I sorely miss Banh mi’s in Dubai. In fact, my memories of Baoguette and Banh mi Saigon (strangely located at the back of a Chinatown jewellery store. Only in New York.) set off such an intense craving for Banh mi’s far across the ocean that I finally attempted an experimental sandwich creation in Dubai, hoping to stave off my tummy gnawings until my next trip to the city.
So here I am, at a banh mi food truck on the cross of Water and John streets in the financial district, in the pouring rain and nasty cold without so much as a decent jacket (in clear defiance of NYC’s decidedly late start for the summer) – but all is fair in the quest for the perfect tummy-satiating sandwich. My trusty fellow-foodie friend, who’s slunk out of work so she can lead the way to this banh mi street cart, claims that it has the best, most crunchiest baguette in the city.
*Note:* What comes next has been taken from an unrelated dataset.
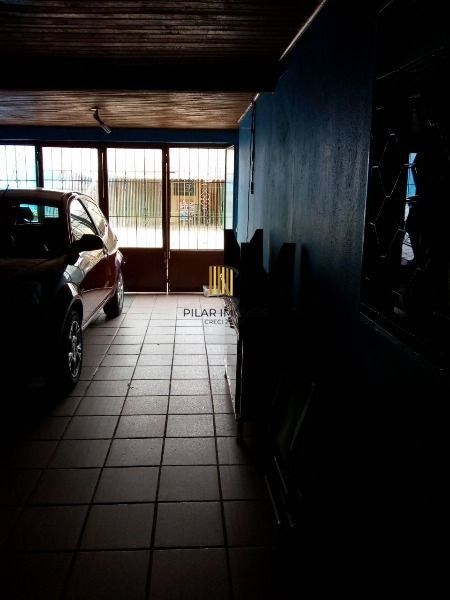 Casa para Venda - 92m², 3 dormitórios, 2 vagas - Restinga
We plan to take refuge from the rain by crashing the Starbucks opposite the cart as soon as our sandwiches are ready. Since I don’t eat pork, I get the “shredded chicken w/ onions” banh-mi while my friend gets her usual veggie banh-mi with “5 kinds of vegetables” as noted on the felt-tipped whiteboard menu (strange how a majority of my foodie friends are either veggie or are converting to vegetarianism. Worry not, I’ve already tried, and overcome, that strange affliction a few years ago).
Anticipation builds up as we desperately search for a table to stealthily eat at without being kicked out by the Starbucks baristas. Discreetly remove the banh-mi from our brown paper bags. Less discreetly rip away the greasy paper wrapping. Impatiently trying to get our hands around the entire sandwich so that the first bite is an all-encompassing one. Gigantic crunch. Taste. Chew. Frown. Ponder. Chew again. Swallow.
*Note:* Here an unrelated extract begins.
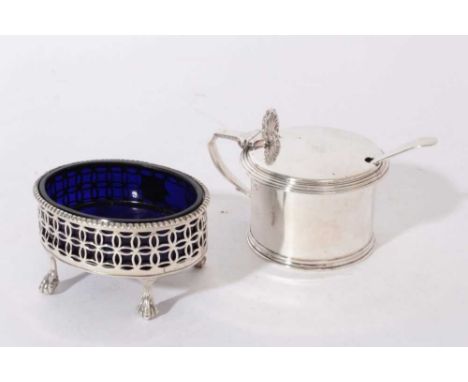 George IV silver mustard pot of drum form with reeded borders, hinged cover with engraved armorial and shell thumb piece and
Not good enough. My banh mí's just not good enough. Maybe even bland. Sure the baguette was wonderfully fresh and crunchy, providing the perfect bread-to-stuffing ratio, but the stuffing ís just not that interesting. When I eat a banh-mi, I’m hoping for some curry action, combined with tons of pickled daikon and carrots, maybe some yummy spreadable base like a spicy sauce or mayo – not just a regular chicken sub. Sadly, this tasted like just another regular chicken sub. And for those who’d retort that I deserved this cruel fate by ordering a bastardized chicken version of what should really be a pork sandwich, well, I’ve eaten far more inspiring chicken sandwiches at Banh mi Saigon (where a superior sandwich is 75 cents cheaper) and Baoguette (similar $5 price tag). So I know it can be done right.
Strangely, my friend’s veggie banh-mi was much more interesting and flavourful. Still, the thought of going to a banh mi truck to order a veggie sandwich rather than a meaty one just doesn’t feel right. Banh mi as street food, very appealing idea. But banh mi at the street truck on Water and John, just doesn’t make my cut.